Friday, February 20, 2026

Good Faith, Good Wife

“We can simplify life from this moment forth. There is only one path to walk, one decision to make in every instance, and all our burdens will be lifted, all our anxieties released. We can decide to act in good faith. We can be silent for a moment with ourselves and let our inner guide direct our behavior, our words, our thoughts.” 

    I am exactly one day older than Hilary Duff, whose new album came out today. It’s a little easier to be successful when your parents start your career before you even hit puberty. She has also been married twice. We are both remarried divorcees. Celebrities—they’re just like us! I suppose we can’t be successful at everything, even with a team of publicists and a stylist whose job is to make everything you do look intentional.

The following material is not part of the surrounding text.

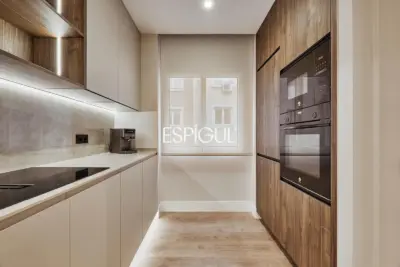 Vivienda exterior en Calle Principe de Asturias, Lista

    Yesterday at work, during a phone call, I apologized for how long a task was taking. It wasn’t my delay. It was approvals. Endless, ceremonial approvals. I’ve worked for over a decade in universities—a Kafkaesque hellscape—and I have never seen more bureaucratic red tape, slower queues, or more ornamental back-and-forth than here.
    The accented woman’s voice on the line said, calmly, “I’m not surprised. You’ll have to manage your expectations. It’s very slow here. It won’t be like any other place you’ve worked before.”

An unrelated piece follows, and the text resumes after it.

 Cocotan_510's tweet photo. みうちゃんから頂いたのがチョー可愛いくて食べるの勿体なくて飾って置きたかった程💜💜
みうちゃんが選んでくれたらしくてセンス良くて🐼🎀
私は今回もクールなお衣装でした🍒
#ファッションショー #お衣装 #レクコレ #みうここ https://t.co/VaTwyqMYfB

    She said it the way my doctor suggests watching what I eat. Ma’am, I assure you, I see everything I eat. I have working eyes.

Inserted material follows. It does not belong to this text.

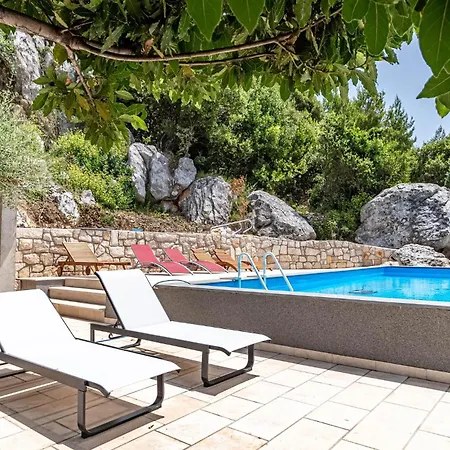 5 Bedroom Gorgeous In Ferienhaus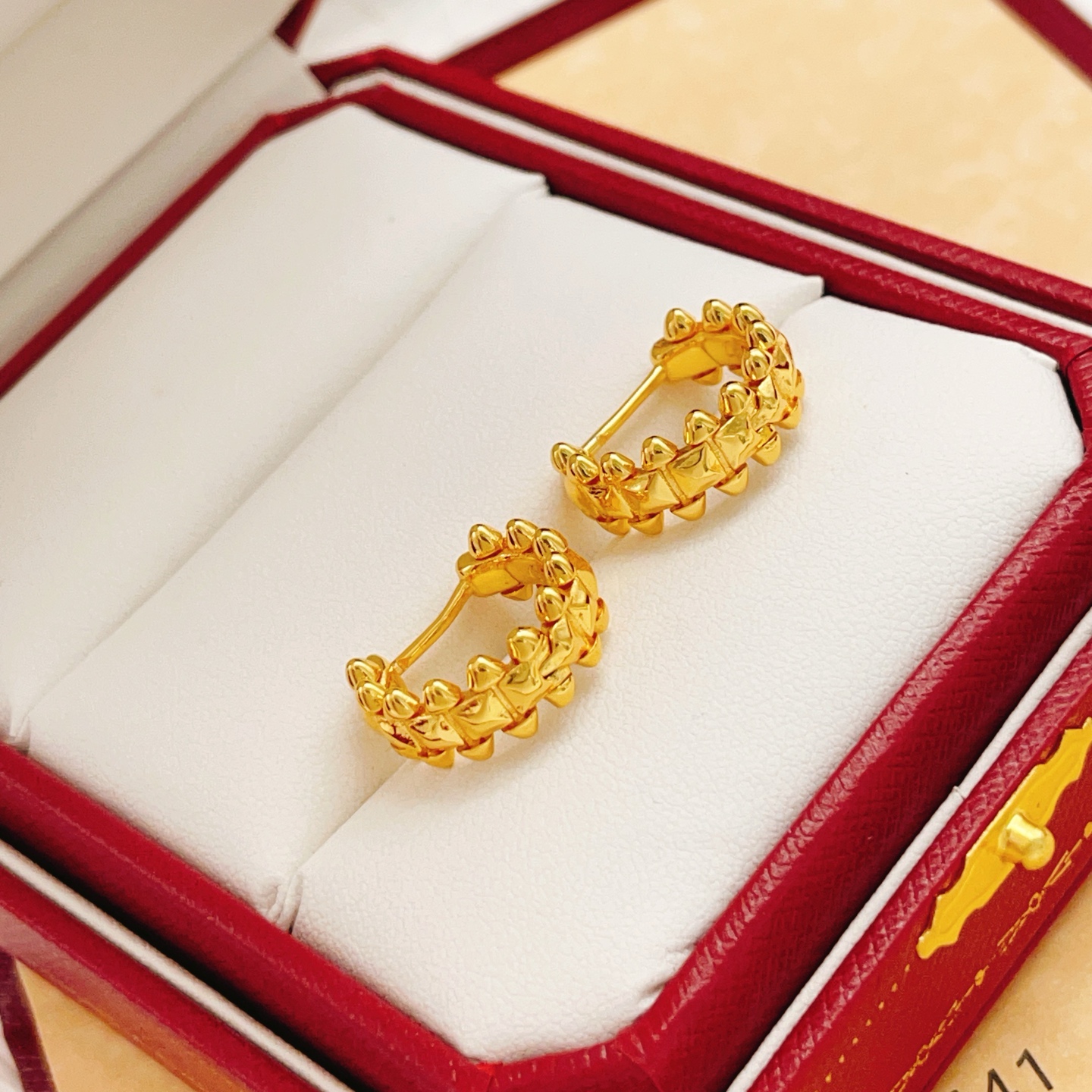 Cartier Clash de Cartier earrings 18k yellow gold no gemstones 12mm hoop diameter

    Manage my expectations. I’ve heard that before—usually right before something deeply disappointing happens. I’m not sure how to manage my expectations any more than I already do. I expect nothing. I expect never to get what I want. I expect just barely enough to survive. I expect the future to be no better than today, but with more emails.
    I hold on to facts like there are women out there being beaten to death and at least that’s not me. Small facts. Administrative facts. Proof of life in the absence of hope. I cling to them like a string tied to a helium balloon.  I cling to them with the belief that if I grip tightly enough, double knot, they won’t slip away. I am white-knuckled.
    But maybe they’re right. Maybe I expect too much out of life. Maybe my expectations are wildly unrealistic—like hoping a committee will reach a decision before my uterus shrivels up and I am too old to achieve an orgasm.
    Apparently, I thrive in this environment. I spent years constructing routines, structure, guidelines, boundaries. I don’t regret it. I needed the bumpers. Without them, I bowled gutter ball after gutter ball. Chaos makes me dizzy and sick. When my grip loosens even a little, I spiral.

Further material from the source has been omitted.